FETCH the latest partition from HIVE table

584 views Asked by At

Hi I am very much new to this. I have three columns YEAR, MONTH,DAY in INTEGER format.

I want to load the script and combine YEAR,MONTH,DAY as single column and fetch the maximum.

I tried like,

Load year,month,date from HIVE.`abc`.`abc1';
SELECT max(cast(year as String) || '_' || cast(month as string) || '_' || cast(day as string)) as result FROM HIVE.`abc`.`abc1';

By doing this I will get the result as 2020_5_21. But I should use the separator and find the max of the date.

The following error occurred: Connector reply error: SQL##f - SqlState: S1000, ErrorCode: 35, ErrorMsg: [Cloudera][Hardy] (35) Error from server: error code: '1' error message: 'Error while compiling statement: FAILED: Execution Error, return code 1 from org.apache.hadoop.hive.ql.exec.tez.TezTask'.

I want to use the result in WHERE clause. But I don't know the statement. SQL select * from HIVE.abc.`abc1' where ---- ;

Please help.

1

There are 1 answers

4
leftjoin On BEST ANSWER

If month and day are stored as integers, you need to use lpad() to add zero if it is single digit month or day. For example month 5 should become 05. Without this max may work incorrectly.
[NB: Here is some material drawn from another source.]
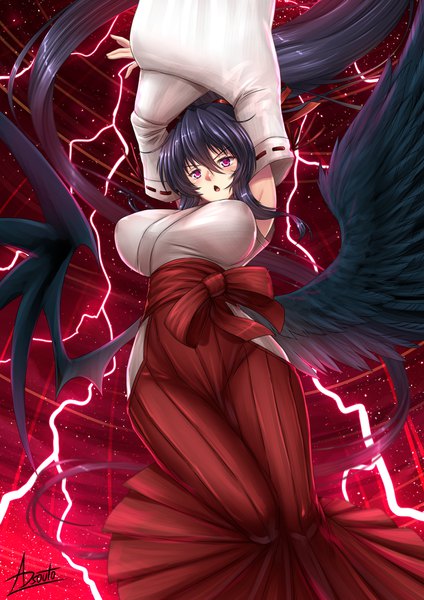 Anime picture 1240x1754 with highschool dxd himejima akeno adsouto single tall image blush fringe breasts open mouth light erotic black hair hair between eyes purple eyes signed payot bent knee (knees) ponytail very long hair traditional clothes japanese clothes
Also use dash as a separator to have date in compatible format.

max(concat(year,'-',lpad(month, 2,0),'-',lpad(day, 2,0)))

And to use it in the WHERE use WHERE date in (select max ...):

SELECT * from your_table
WHERE concat(year,'-',lpad(month, 2,0),'-',lpad(day, 2,0)) in (select max(concat(year,'-',lpad(month, 2,0),'-',lpad(day, 2,0))) from your_table)

Also you may need to quote names like year, month, day in backticks everywhere in sql:

max(concat(`year`,'-',lpad(`month`, 2,0),'-',lpad(`day`, 2,0)))